In fact, the company’s latest survey of 2,000 UK grocery shoppers found that 90% of consumers say cost is an important decision point for where and when they buy their groceries.
According to Lloyd, the research shows that consumers value cost more than convenience. This means fewer people are willing to pay the extra costs associated with the fast commerce model, be it higher prices or delivery charges.
And despite the Gorillas acquisition, Lloyd believes “the future doesn’t look too bright for Getir,” due to the broader downtrend of the fast trading model.

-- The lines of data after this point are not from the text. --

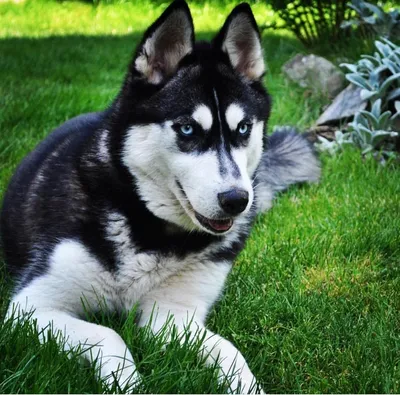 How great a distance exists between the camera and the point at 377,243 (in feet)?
12.5

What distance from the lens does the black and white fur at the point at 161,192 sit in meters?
2.75

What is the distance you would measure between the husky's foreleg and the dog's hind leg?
0.23m

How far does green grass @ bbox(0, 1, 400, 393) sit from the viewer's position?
7.61ft

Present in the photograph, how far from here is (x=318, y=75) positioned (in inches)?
257

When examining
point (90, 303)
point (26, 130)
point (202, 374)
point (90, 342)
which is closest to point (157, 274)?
point (90, 303)

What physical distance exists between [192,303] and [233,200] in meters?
0.55

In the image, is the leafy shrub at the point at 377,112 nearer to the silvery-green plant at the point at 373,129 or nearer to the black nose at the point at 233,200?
the silvery-green plant at the point at 373,129

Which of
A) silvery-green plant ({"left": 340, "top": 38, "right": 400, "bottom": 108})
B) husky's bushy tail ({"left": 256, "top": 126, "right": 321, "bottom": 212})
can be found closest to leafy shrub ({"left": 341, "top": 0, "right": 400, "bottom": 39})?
silvery-green plant ({"left": 340, "top": 38, "right": 400, "bottom": 108})

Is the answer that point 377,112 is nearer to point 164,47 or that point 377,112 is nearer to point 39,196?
point 164,47

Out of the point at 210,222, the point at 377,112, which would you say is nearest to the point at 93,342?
the point at 210,222

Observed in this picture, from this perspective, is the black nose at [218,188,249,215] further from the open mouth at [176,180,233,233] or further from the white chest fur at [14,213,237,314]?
the white chest fur at [14,213,237,314]

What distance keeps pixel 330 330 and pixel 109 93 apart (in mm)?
4111

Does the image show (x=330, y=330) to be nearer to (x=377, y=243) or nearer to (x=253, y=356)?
(x=253, y=356)

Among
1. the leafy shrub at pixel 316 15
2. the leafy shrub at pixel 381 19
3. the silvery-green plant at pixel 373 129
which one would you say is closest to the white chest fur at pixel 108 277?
the silvery-green plant at pixel 373 129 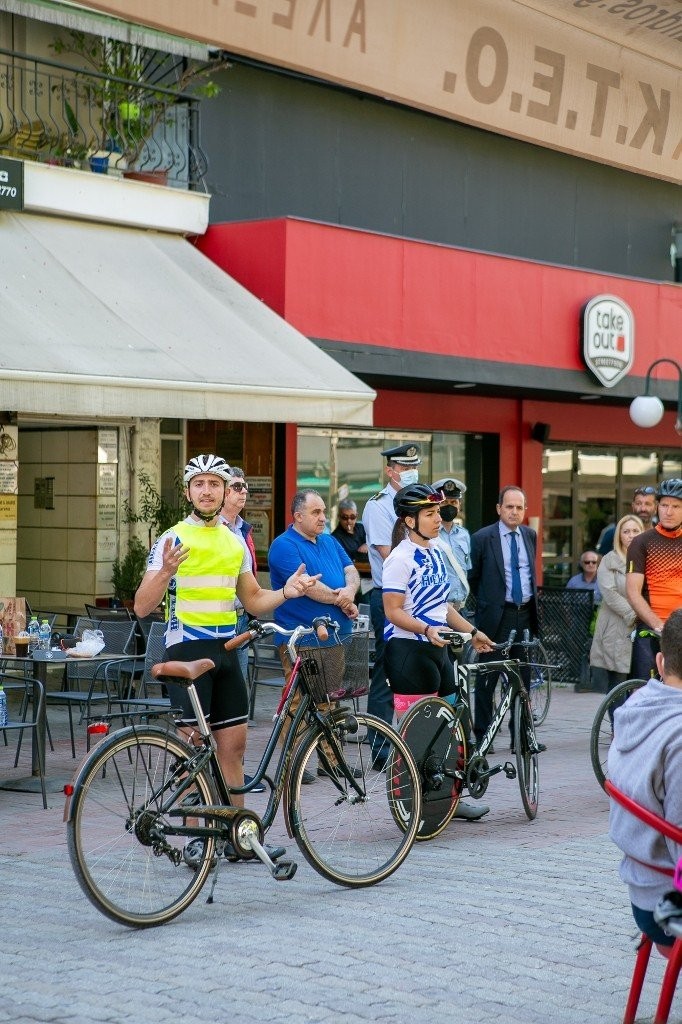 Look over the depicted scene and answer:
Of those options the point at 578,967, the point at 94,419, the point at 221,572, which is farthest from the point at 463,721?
the point at 94,419

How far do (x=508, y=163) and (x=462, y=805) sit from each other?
14178mm

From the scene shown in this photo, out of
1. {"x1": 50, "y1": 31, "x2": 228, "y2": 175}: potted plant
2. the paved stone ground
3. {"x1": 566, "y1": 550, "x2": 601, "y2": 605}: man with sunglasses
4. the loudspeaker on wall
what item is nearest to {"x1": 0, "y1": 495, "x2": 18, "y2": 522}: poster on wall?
{"x1": 50, "y1": 31, "x2": 228, "y2": 175}: potted plant

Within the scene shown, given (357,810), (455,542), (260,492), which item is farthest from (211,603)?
(260,492)

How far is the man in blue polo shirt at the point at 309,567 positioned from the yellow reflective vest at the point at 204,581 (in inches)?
79.7

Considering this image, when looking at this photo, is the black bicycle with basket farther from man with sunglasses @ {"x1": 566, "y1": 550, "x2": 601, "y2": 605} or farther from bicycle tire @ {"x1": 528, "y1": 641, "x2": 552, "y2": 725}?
man with sunglasses @ {"x1": 566, "y1": 550, "x2": 601, "y2": 605}

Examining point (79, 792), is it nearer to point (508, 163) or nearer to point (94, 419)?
point (94, 419)

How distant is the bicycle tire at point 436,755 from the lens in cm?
738

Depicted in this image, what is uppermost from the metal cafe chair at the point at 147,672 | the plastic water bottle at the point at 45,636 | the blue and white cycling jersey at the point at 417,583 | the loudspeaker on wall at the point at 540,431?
the loudspeaker on wall at the point at 540,431

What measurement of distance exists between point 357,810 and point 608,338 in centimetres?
1264

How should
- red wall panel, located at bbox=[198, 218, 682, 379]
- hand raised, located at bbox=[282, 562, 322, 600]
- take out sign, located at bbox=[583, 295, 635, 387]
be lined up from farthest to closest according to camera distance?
take out sign, located at bbox=[583, 295, 635, 387]
red wall panel, located at bbox=[198, 218, 682, 379]
hand raised, located at bbox=[282, 562, 322, 600]

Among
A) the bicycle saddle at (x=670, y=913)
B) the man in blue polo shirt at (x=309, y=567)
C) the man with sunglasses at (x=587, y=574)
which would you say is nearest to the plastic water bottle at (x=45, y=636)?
the man in blue polo shirt at (x=309, y=567)

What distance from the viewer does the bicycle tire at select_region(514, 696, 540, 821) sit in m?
8.09

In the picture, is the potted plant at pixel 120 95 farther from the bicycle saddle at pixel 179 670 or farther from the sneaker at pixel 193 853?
the sneaker at pixel 193 853

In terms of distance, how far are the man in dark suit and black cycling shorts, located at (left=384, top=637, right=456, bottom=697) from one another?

“With this in mind, there is a huge opportunity for existing retailers and grocers to regain market share from the Q-commerce challengers and increase sales in the coming months as the current economic climate changes consumer buying behavior,” added he to it.
It is now clear that the quick commerce industry has launched on shaky footing as consumer appetites for these types of services have been satisfied by the return to normal life and an impending economic crisis.
With the industry consolidating, it feels like the fast-paced gold rush is finally picking up steam.